La escribo con todo cariño y sintiéndome uno más de esa generación, pero con el temor de que por dificultades de vista no todos lo lean. Por eso ruego que algún familiar cercano le diga de palabra lo que escribo.
Ante todo, es para mí una gran alegría el poder escribir esto. No voy a decir nada nuevo, sino simplemente lo que ustedes y yo vivimos a esta edad, lo que necesitamos y lo que a todos los más jóvenes todavía podemos dar.
Conforme aumenta nuestra edad y queda más lejos la fecha de la jubilación, nos puede resultar más difícil contestar a la pregunta: ¿cuál es tu profesión? De la que ejercimos ya somos unos ex, aunque el aprendizaje adquirido en ella forme parte de nuestra biografía.

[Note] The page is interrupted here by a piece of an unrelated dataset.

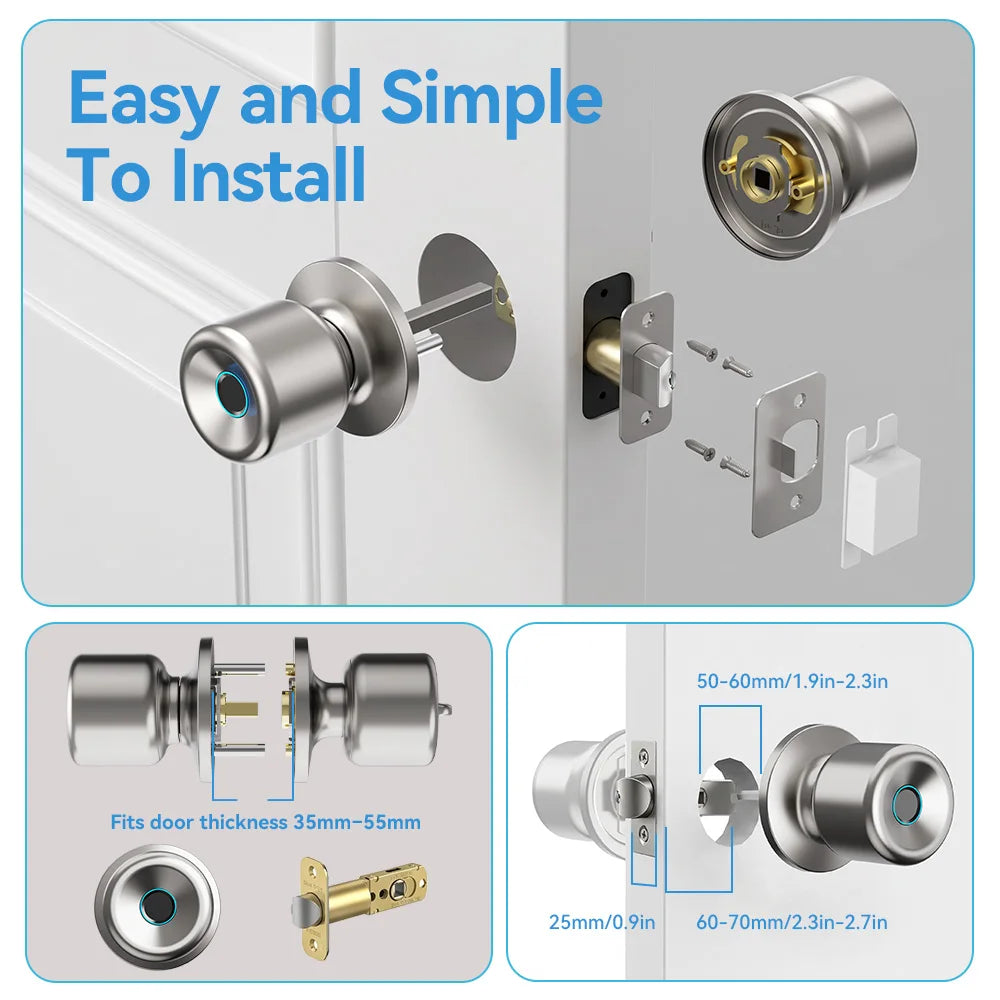 YFK Keyless Entry Smart Door Lock Knob Fingerprint App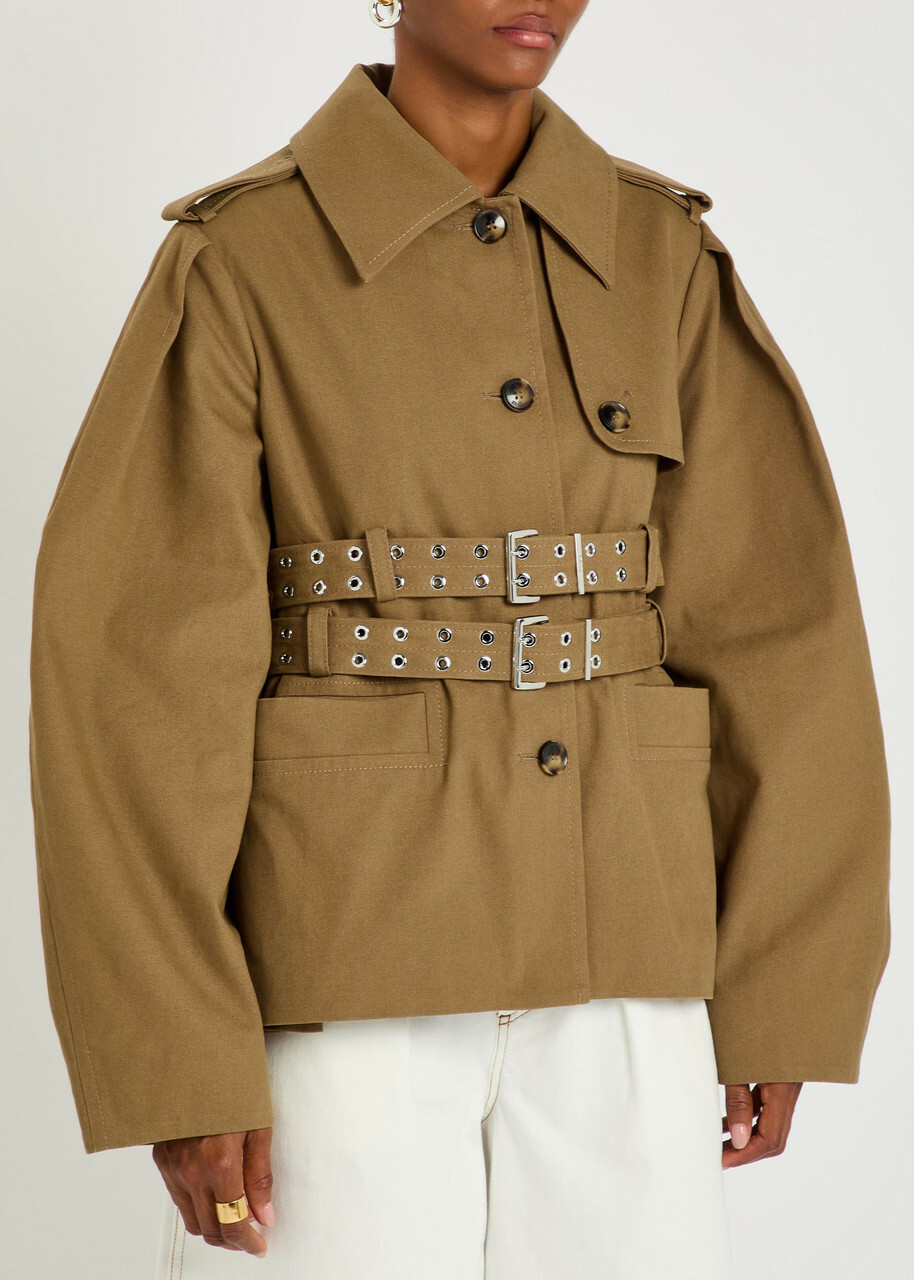 Ganni Belted Canvas Trench Jacket Light Brown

Identificarnos, los que estén jubilados, es reconocernos como sin profesión. ¿No es el tiempo para descubrir –si no lo habíamos hecho antes, que nuestra más profunda y auténtica profesión que es la de vivientes? Las anteriores no pasaban de ser profesiones minúsculas que no desvelaban nuestra identidad más radical.
Pero ser vivientes no es fácil, hay muchos, jóvenes y mayores, que no pasan de ser sobrevivientes: personas que no han empezado a ser protagonistas de su propia existencia.
Hay los también vividores: solo piensan en sí mismos y emplean a los demás como meros instrumentos para sus fines; el goce inmediato, su nula resistencia a la adversidad y su incapacidad para la empatía les convierte en parásitos sociales.
Y, ¿ por qué no llegamos a ser vivientes auténticos que hagamos de la vida su profesión, al descubrir su sentido pleno: amar a quienes nos rodean, luchar por un mundo justo y merecer ser amados?
Pasar los ochenta y seguir adelante es entrar en el campo de la profundización. De buscar las causas últimas. Por eso en las culturas más antiguas los ancianos eran donde estaba la sabiduría vivida.